Damn they look good.


----------



## El Pescador (Apr 18, 2013)

I'd eat those. What's the knife?


----------



## Zwiefel (Apr 18, 2013)

I really wish my wife would eat lamb....I love chops.


----------



## Slypig5000 (Apr 18, 2013)

Looks great, personal favorite cut of lamb.


----------



## cnochef (Apr 18, 2013)

Those look awesome, I would love to serve them with my vindaloo sauce.


----------



## mkmk (Apr 18, 2013)

My favorite lamb cut, too -- just perfect.


----------



## sw2geeks (Apr 20, 2013)

El Pescador said:


> I'd eat those. What's the knife?



Wow, this has been one busy week! I work at the newspaper in Fort Worth and it has been non-stop all week with Boston, West then Boston again.

The knife is a no brand knife I picked up on ebay that was pretty cheap. It looks neat, but is as thick as a Deba. I have been using it lately as my bone in steak cutting knife since I am not to worried about it hitting bone.


----------



## vinster (Apr 20, 2013)

There's an optical illusion going on! How'd you get the grill marks when it looks like they're cooking on a flat surface?


----------



## sw2geeks (Apr 20, 2013)

vinster said:


> There's an optical illusion going on! How'd you get the grill marks when it looks like they're cooking on a flat surface?

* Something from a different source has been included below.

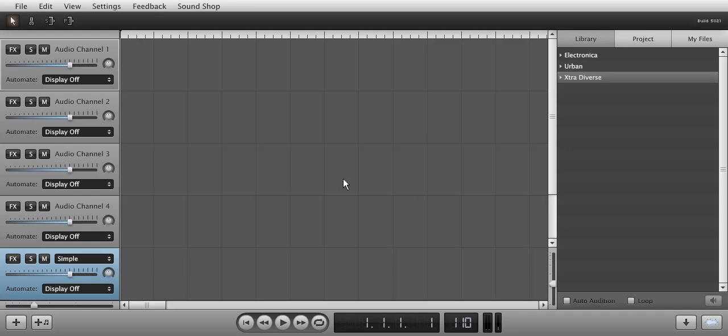Hello and welcome to the Soundation Studio effects tutorial series. Today, we are going to look at the compressor in Soundation Studio.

I have a black ceramic cooking stone that I was using to season and take pictures of the chops. But the cooking was on the grill. I normally include a picture of them cooking on the grill, but lamb chops cook pretty quick and I forgot in the rush not to over cook them.


----------



## natineah (Apr 25, 2013)

My favorite cut lamb. :hungry: Just one serve today and I'll be fine.


----------